Voici maintenant quelques images d’un projet de sculpture composé de 15 pièces à ce jour. Elles font 110 cm de hauteur, sont en porcelaine, seul le disque au sommet du cylindre est émaillé. Ces sculptures sont tournées à la motte et à la corde. Des fissures apparues après cuisson sont réparées avec de la résine chargée d’aluminium.
On pense à une motte qui serait du mot le féminin, qui aurait même origine, qui nous éloignerait comme il faut de la recherche du vrai pour nous plonger dans d’autres étymologies et autrement remotivantes, nous précipiterait sur l’autre versant du langage, celui du rêve et de la poésie.
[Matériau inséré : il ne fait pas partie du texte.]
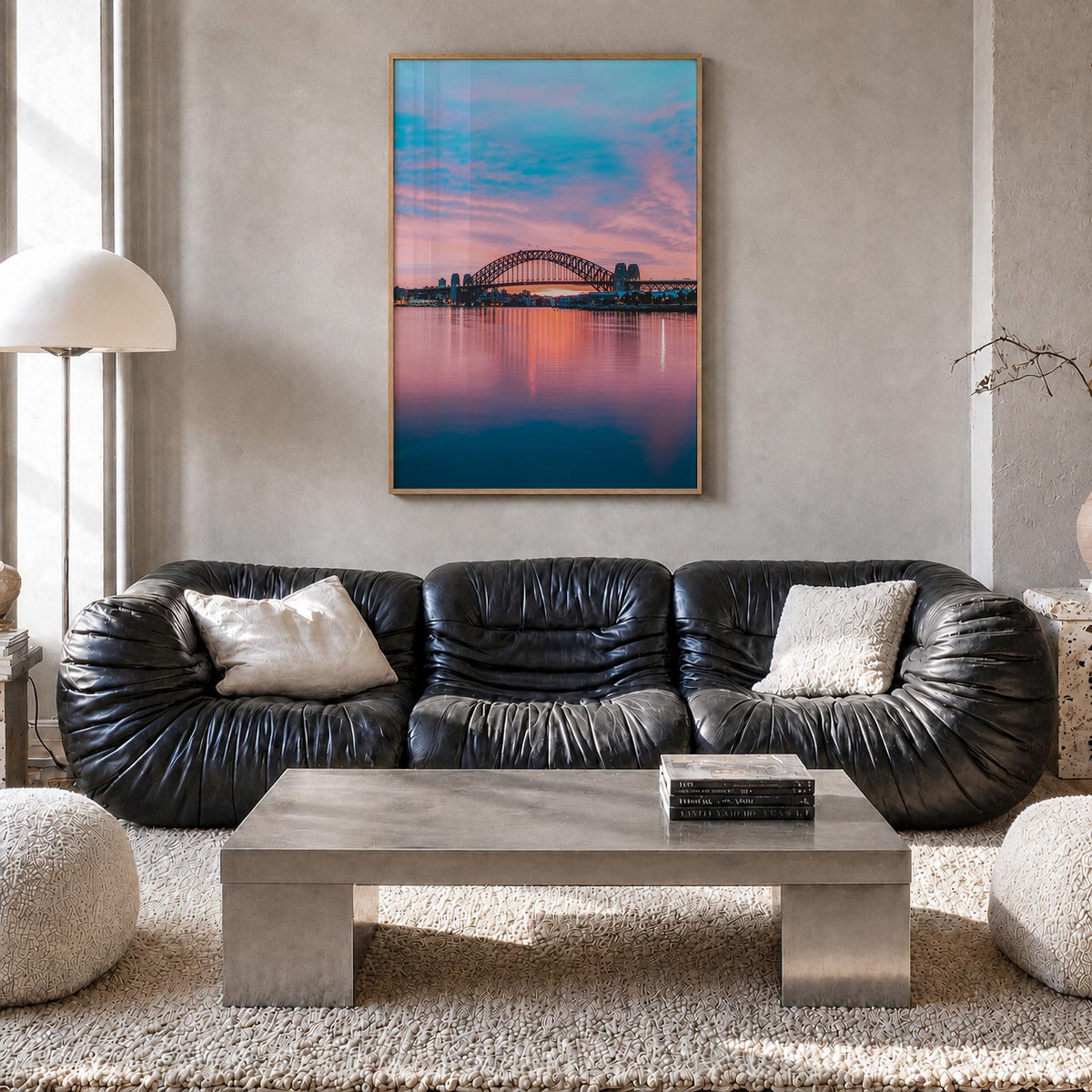 Sydney no. 2 colorful photo poster of New South Wales, Australia – vertical wall art in natural wood frame, hanging on wall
Il y aurait des tours, mais ce seraient aussi des tours, des mottes de terre comme celles qu’on lançait quand la chasse aux cerises était ouverte, pour savoir s’il y avait quelqu’un près du cerisier. On bombardait l’arbre de mottes de terre avant le chapardage, et on ne se demandait pas si le mot venait du latin ou du gaulois (ou de plus haut si c’était possible). L’enfant a plus d’un tour dans son sac, plus d’une tour.
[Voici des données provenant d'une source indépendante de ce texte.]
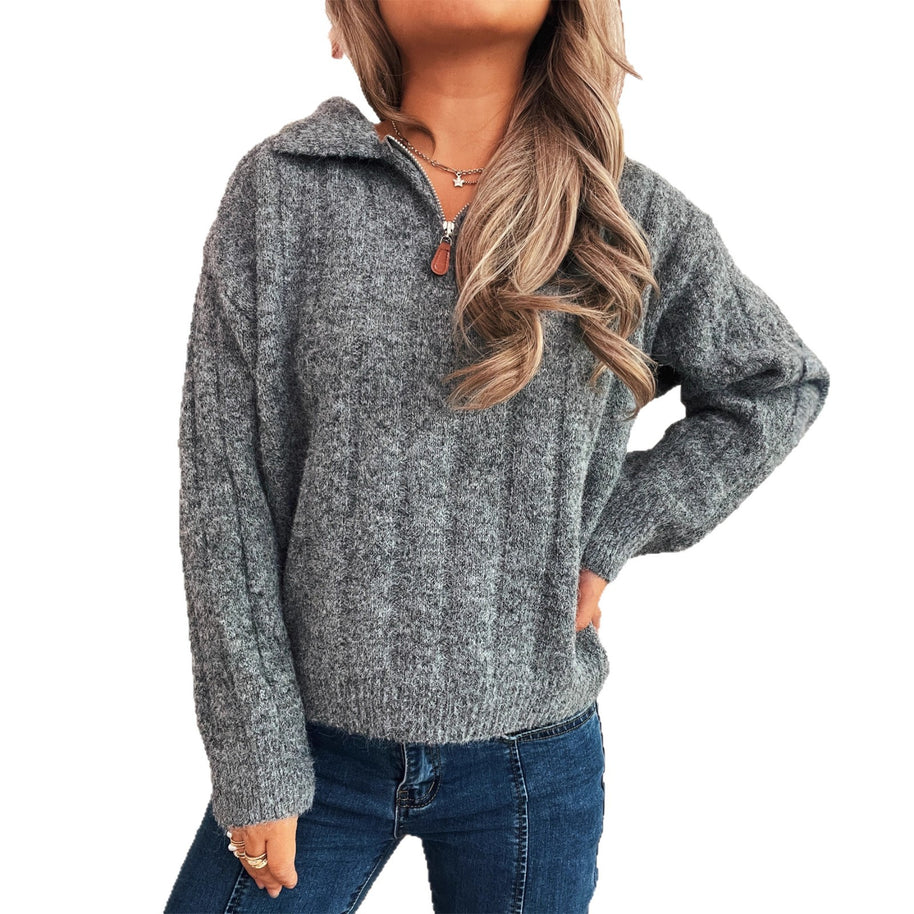 Damen Strickpullover mit kurzer Reißverschlussleiste und Wellenstruktur WW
Qu’il soit déniquoiseau ou voleur de cerises, il faut voir comme il escalade les abîmes. Le nain grimpe au géant, comme chez Hugo et sans l’avoir jamais lu, il a vite fait de passer de la motte au monticule, puis à la chaîne de montagne. C’est là que nous le retrouvons, occupé à baratter le ciel.
À notre tour de questionner, de nous demander quelle chavande on dresse.
Avec quels rondins de bois, quelles dosses de sapin fournies par les scieries locales.
De ne pas nous le demander.
C’est un bûcher constitué de palettes empilées, autour duquel on dansera. Dans les Vosges et à la Saint-Jean.
Nous ne nous demanderons pas non plus quel gâteau on prépare, en versant une pâte liquide sur une broche. Quel gâteau à la broche cuit au feu de cheminée. Quel Baumkuchen, comme on l’appelle en Allemagne, quel « gâteau arbre » (du fait de son intérieur qui évoque les cernes d’un tronc, et rappelle qu’on n’est jamais très loin, dans ces montagnes, du solstice).
Nous dirons seulement que les cernes d’un tronc, c’est la mémoire de l’arbre.
De même ici, avec ces pièces tournées, c’est un peu cela qui apparaît. La genèse, l’origine. Au moment où la pièce est finie -finie d’être tournée, et avant d’être décrochée de sa motte. Il se produit comme une révélation. Sous toutes nos assiettes, bols, objets tournés, dit Florian de la Salle, il y a la partie immergée de l’iceberg.
Cette motte garde en mémoire le travail du geste, des coulures, du façonnage. Ce qui manque sous tous nos objets. Notre obsession a effacé le geste, le mouvement, le vivant. Encore une fois, j’ai souhaité rendre visible ce qui était caché, conclut Florian de la Salle, ce qui faisait sens pour moi.
Ici la pièce tournée est ce petit cylindre.